Focus on healthy, complex identity development.

When teaching about current events, it is important to balance the messages your students are receiving about various identities and lived experiences. Yes, it is important to provide plenty of “windows” for children to see into and understand the lived experiences of others and “mirrors” for children to see themselves reflected in the classroom, but we must be mindful to avoid the danger of telling only a single story of any identity. Consider how the portrayal of various identities and lived experiences may impact your students. Anti-Bias Educators aim to build healthy, complex identities, so be careful to not only portray pain or the trauma of particular groups. Yes, discuss injustices, like police murders of unarmed black men, but be careful about which news stories you present and highlight stories of activism, hope, and justice. And never show videos of violent acts like police murders. This balance can be tricky when it seems that all we are seeing in the news feels heavy, and it takes extra effort to continue building Anti-Bias skills such as healthy, complex identities and a respect across differences.

Make time for reflection before and after for both you and your students.

Make sure the activity reflects what you hope students will take away from it. Make time to reflect on what your goals for the discussion and learning are. Most importantly, use teacher reflection questions such as the following:

  • How might your own identity, differences, and biases show up in discussing this topic?
  • How will you honor the identities and lived experiences of your students, particularly your students with marginalized identities?
  • Who benefits from this? Who does it harm?
  • How will you be responsive when it comes to biased comments or behavior?.

Provide a variety of ways for students to reflect and process their emotions. Many teachers turn to written journals for this, which are great, but keep in mind the many ways our students can show their thinking, such as through artwork, video, or audio responses. Also, make sure to check in with any students individually afterward that may need it. 
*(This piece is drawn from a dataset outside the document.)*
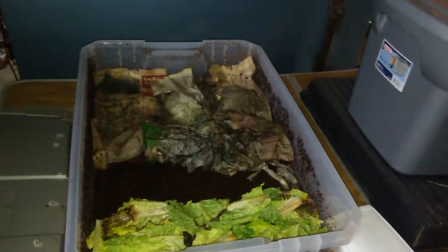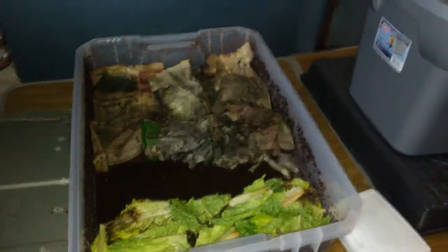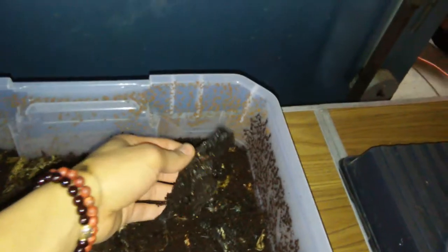I tried to do a video about two weeks ago when I was multiplying it because this bin was loaded with eggs, but the video quality came out very bad. So right now they've been in here for about a month. I'm going to show you — you're probably not going to see any worms because I'm flashing this light in here, but there's not much food left over here. There's just little scraps of fibrous material and little bits of banana.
Incorporate media literacy.

Model for your students the importance of getting news from multiple sources and perspectives. Seek to elevate the often absent narratives and find stories told through authentic voices. Spend time on lessons that focus on media bias, and have them practice identifying bias in the media. Also, provide news through a variety of mediums instead of always print – use videos and podcasts when appropriate. When asking students to read news articles, provide support for a variety of reading levels. 
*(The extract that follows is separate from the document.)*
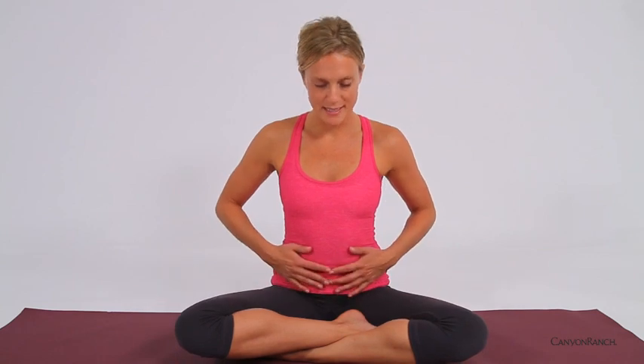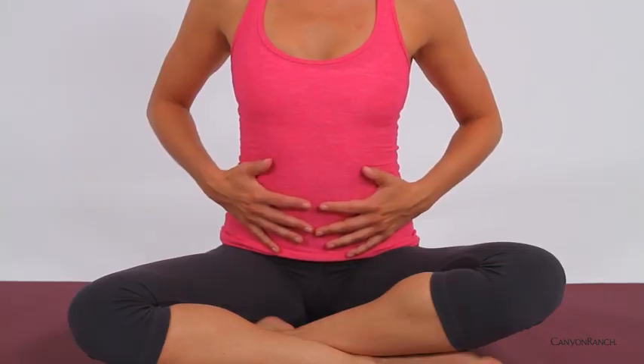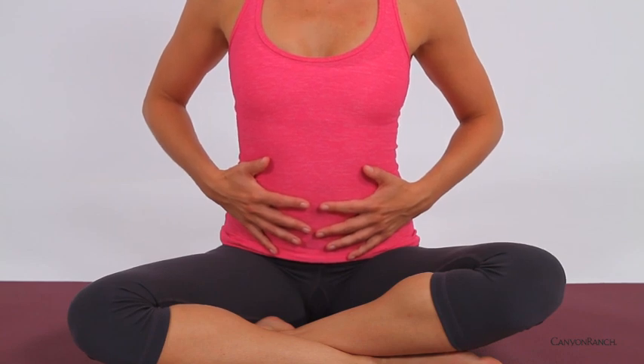Bring the hands to the belly, taking a deep inhale, inflating the belly like a balloon. Full inhale. And exhale.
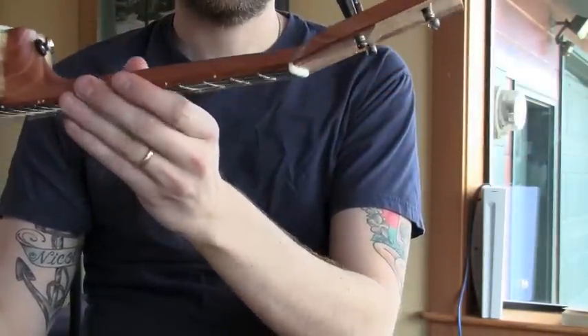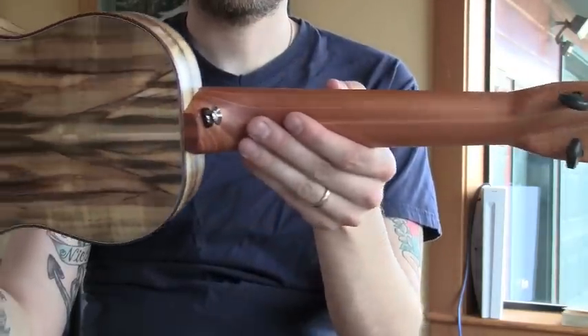14 frets to the body, radius fingerboard of course, a couple of binding on the fingerboard.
Find ways to give students agency over what they are learning. 

Incorporate student voice and choice in current events discussions and activities. Design opportunities for students to explore issues they are interested in and incorporate these into writing assignments or math projects. Allow your students to share their learning with their peers.
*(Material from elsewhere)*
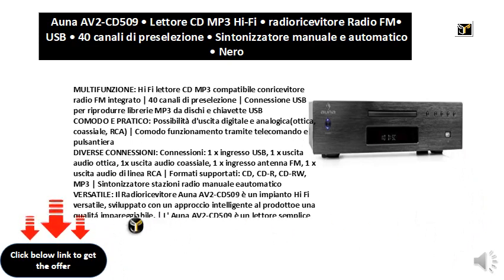Supported formats: CD, CD-R, CD-RW, MP3. Automatic radio station and manual tuner.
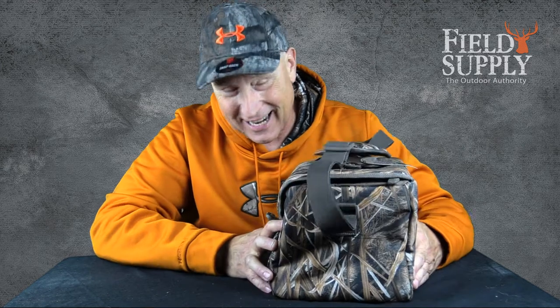If you know me and you've watched my videos, I love stuff that you can carry. I'm a gear freak — I like gear bags, lunch boxes, all that kind of stuff. I also love Banded Gear. Banded Gear is a great company and they make great stuff to tote your stuff around with.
Create an environment where students can expect you will discuss current events.

In addition to planned discussions, be responsive, and make space to talk about current events that significantly affect your students as they occur. If you are flexible and do this regularly, it becomes easier, and your students will see you as an adult they can trust. For example, when the school shooting happened in Parkland, Florida in 2018, I knew from previous conversations with my middle school students that this would be something to address the next day. I remember one student coming in the next morning and asking, “Will we be talking about the shooting in class?” I responded that we would, and he said, “Good. My mom was talking about it with me, and I told her we’d probably discuss it in humanities class.” This, of course, looks different depending on the grade level you teach. It’s not appropriate to share the details of events like school shootings with younger students.